◆ **Given data**
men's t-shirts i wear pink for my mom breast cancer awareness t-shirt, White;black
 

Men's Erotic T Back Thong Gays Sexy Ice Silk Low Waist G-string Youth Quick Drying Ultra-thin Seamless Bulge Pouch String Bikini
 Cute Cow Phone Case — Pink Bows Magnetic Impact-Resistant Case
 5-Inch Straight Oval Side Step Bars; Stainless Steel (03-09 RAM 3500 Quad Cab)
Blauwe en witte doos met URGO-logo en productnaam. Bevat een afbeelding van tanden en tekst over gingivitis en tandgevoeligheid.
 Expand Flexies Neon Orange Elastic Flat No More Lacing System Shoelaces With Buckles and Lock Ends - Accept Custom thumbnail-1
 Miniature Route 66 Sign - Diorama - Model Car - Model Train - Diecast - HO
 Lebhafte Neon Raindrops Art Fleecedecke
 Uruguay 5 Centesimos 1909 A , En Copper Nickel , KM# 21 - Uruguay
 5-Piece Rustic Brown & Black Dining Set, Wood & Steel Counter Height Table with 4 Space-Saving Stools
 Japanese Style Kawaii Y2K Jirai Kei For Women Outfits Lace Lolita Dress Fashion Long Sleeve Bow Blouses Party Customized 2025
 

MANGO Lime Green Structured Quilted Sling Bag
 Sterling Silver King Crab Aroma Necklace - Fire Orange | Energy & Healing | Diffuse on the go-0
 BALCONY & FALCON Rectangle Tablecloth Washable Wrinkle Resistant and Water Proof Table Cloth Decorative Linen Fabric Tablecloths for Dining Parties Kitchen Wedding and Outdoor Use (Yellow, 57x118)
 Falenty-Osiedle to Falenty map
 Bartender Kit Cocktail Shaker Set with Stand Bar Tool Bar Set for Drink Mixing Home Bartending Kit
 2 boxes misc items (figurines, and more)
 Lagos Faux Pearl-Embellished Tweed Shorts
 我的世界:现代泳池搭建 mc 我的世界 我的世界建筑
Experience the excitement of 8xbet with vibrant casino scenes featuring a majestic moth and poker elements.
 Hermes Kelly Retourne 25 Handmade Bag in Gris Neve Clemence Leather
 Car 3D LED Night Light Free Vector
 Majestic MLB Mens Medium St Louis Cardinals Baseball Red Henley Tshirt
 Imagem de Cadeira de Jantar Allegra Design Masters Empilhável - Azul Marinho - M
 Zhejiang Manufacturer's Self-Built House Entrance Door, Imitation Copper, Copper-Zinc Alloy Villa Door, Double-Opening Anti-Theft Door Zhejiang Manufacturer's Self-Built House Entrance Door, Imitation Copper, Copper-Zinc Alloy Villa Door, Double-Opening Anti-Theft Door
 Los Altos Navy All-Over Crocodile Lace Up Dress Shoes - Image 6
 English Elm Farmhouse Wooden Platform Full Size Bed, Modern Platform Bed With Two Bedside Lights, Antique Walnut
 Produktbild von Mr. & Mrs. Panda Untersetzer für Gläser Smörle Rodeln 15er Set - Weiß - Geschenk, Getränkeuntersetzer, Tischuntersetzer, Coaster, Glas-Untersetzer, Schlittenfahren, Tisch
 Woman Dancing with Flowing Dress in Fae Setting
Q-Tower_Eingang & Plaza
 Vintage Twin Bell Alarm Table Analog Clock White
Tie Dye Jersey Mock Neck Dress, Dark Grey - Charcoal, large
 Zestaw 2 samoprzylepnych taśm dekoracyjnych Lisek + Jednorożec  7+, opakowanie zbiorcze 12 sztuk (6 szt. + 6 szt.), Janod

◆ **Work to be completed**
All lines from the beginning of the listing through the one with "Majestic MLB Mens" are to be restated word for word, and only those.

◆ **Response to the exercise**
men's t-shirts i wear pink for my mom breast cancer awareness t-shirt, White;black
 

Men's Erotic T Back Thong Gays Sexy Ice Silk Low Waist G-string Youth Quick Drying Ultra-thin Seamless Bulge Pouch String Bikini
 Cute Cow Phone Case — Pink Bows Magnetic Impact-Resistant Case
 5-Inch Straight Oval Side Step Bars; Stainless Steel (03-09 RAM 3500 Quad Cab)
Blauwe en witte doos met URGO-logo en productnaam. Bevat een afbeelding van tanden en tekst over gingivitis en tandgevoeligheid.
 Expand Flexies Neon Orange Elastic Flat No More Lacing System Shoelaces With Buckles and Lock Ends - Accept Custom thumbnail-1
 Miniature Route 66 Sign - Diorama - Model Car - Model Train - Diecast - HO
 Lebhafte Neon Raindrops Art Fleecedecke
 Uruguay 5 Centesimos 1909 A , En Copper Nickel , KM# 21 - Uruguay
 5-Piece Rustic Brown & Black Dining Set, Wood & Steel Counter Height Table with 4 Space-Saving Stools
 Japanese Style Kawaii Y2K Jirai Kei For Women Outfits Lace Lolita Dress Fashion Long Sleeve Bow Blouses Party Customized 2025
 

MANGO Lime Green Structured Quilted Sling Bag
 Sterling Silver King Crab Aroma Necklace - Fire Orange | Energy & Healing | Diffuse on the go-0
 BALCONY & FALCON Rectangle Tablecloth Washable Wrinkle Resistant and Water Proof Table Cloth Decorative Linen Fabric Tablecloths for Dining Parties Kitchen Wedding and Outdoor Use (Yellow, 57x118)
 Falenty-Osiedle to Falenty map
 Bartender Kit Cocktail Shaker Set with Stand Bar Tool Bar Set for Drink Mixing Home Bartending Kit
 2 boxes misc items (figurines, and more)
 Lagos Faux Pearl-Embellished Tweed Shorts
 我的世界:现代泳池搭建 mc 我的世界 我的世界建筑
Experience the excitement of 8xbet with vibrant casino scenes featuring a majestic moth and poker elements.
 Hermes Kelly Retourne 25 Handmade Bag in Gris Neve Clemence Leather
 Car 3D LED Night Light Free Vector
 Majestic MLB Mens Medium St Louis Cardinals Baseball Red Henley Tshirt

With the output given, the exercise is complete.